Other things I know about Jon and things that I may have dreamt (also about Jon):
1. He loves animals in a very weird way (but not the illegal kind of weird).
2. He prefers to say Agricultures over Agriculture.
3. He likes to be told when he does a good job.
4. He doesn’t care if his fly is open.
5. He has got that ‘straight shooter’ style of handshake that takes everyone years to perfect but comes naturally to him.
6. He tweets hard and fast: “Gonna write a book on Hillbilly bondage that is 150 pages saying “just tie em’ up, dummy!”
7. He is actually 8 feet tall but slouches so the rest of humanity won’t be intimidated by his size.
8. He has had all his major organs replaced with orbs of miraculous light (possible dream).
9. Like all of us he just wants to be loved.
10. He is very thoughtful.
I would like to focus on number ten.If there is one through line for what Jon does, it is being thoughtful. His perception of his life (and the ones going on around him) is interesting. He thinks things through. Excessively. For example: He doesn’t just talk about his pets. He talks about talking about his pets. He talks about talking about his pets as if they were listening to him talk about them. He talks about talking about his pets as if they were listening to him talk to them and has gives them funny accents and makes them viciously swear in adorable ways. NOW, I’m not sure if Jon has ever done this but, it is a good example of how I think he thinks. I may be wrong. This may all be a dream.
Three cheers for the dying breed of thoughtful men. May they live forever and never grow old.
JON ANSWERS MY QUESTIONS:
If you would give yourself a nickname what would it be?
I am one of 11 people in the world who successfully gave themselves their own nickname. It’s Junglecat, because I am nimble.
If you could switch one body part with anyone else in the world living or dead, who and what would it be?
Christa Hendricks’ Hips.
In five words, describe your most uncomfortable dream.
Queen Elizabeth Threesome With Charles
What is your favourite word?
What does that word smell like?
What is your spirit animal?
Phillip Seymour Hoffman
If ghosts existed, would you want to meet one? If so, what would you ask it?
Yes, but only Patrick Swayze and I’d ask him to make pottery with me.
If you could share a bottle of alcohol with anyone who has ever existed, who would it be and what would you drink?

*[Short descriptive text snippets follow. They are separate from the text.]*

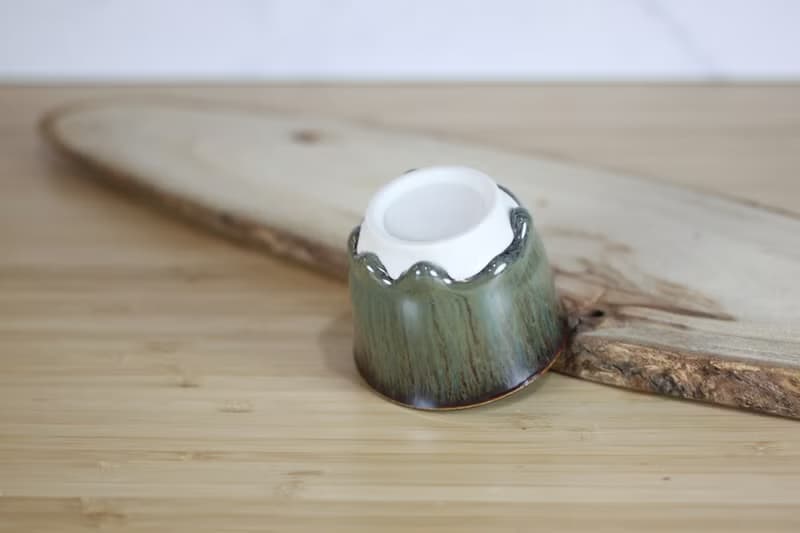 【送禮好物】60ml 天目釉 日式手工小茶杯 葉政豪作品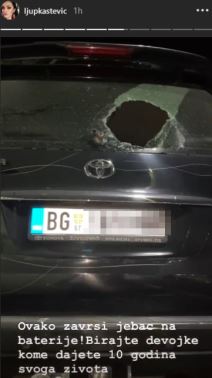 Ljupka Stević uništila autobobil generalu Simiću raskid oglasila se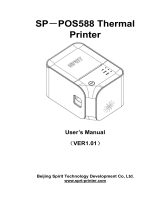 SPRT SP-POS588 Thermal Printer User manual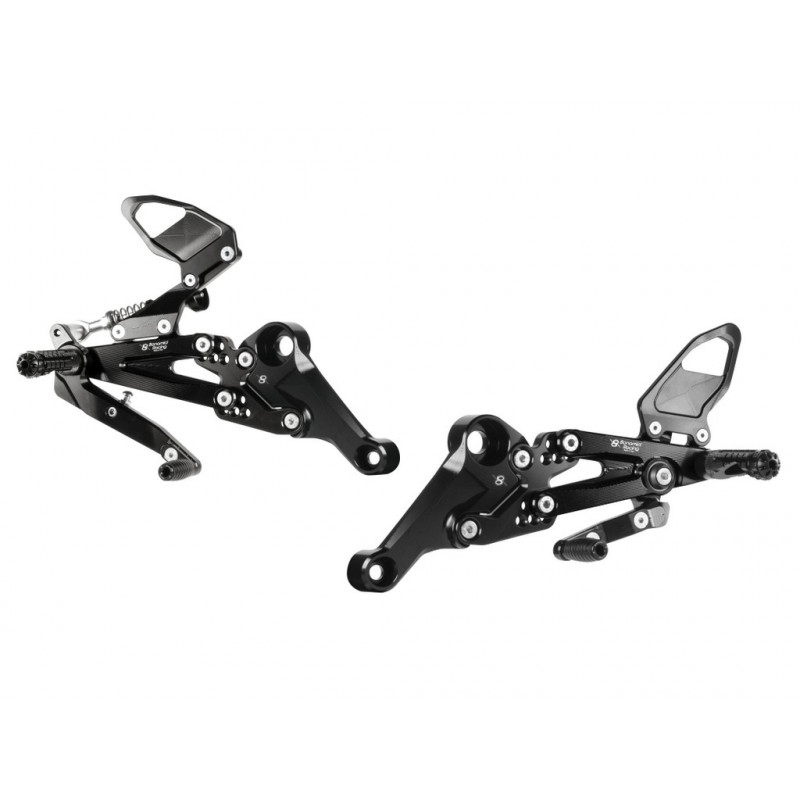 Bonamici Aluminum Rearsets Aprilia RS 660 - Tuono 660 '21-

Winston Churchill, Beefeaters Gin, Neat
What would you rather have as a pet: A dragon, a unicorn Pegasus or Ezra Levant?
Ezea Levant and you would have to call the humane society on me. I would only let him eat his own shit.
Finally, if you could live your life over again with guaranteed success, what would you do?
I would wanna do the exact same thing except I would be better at ice skating.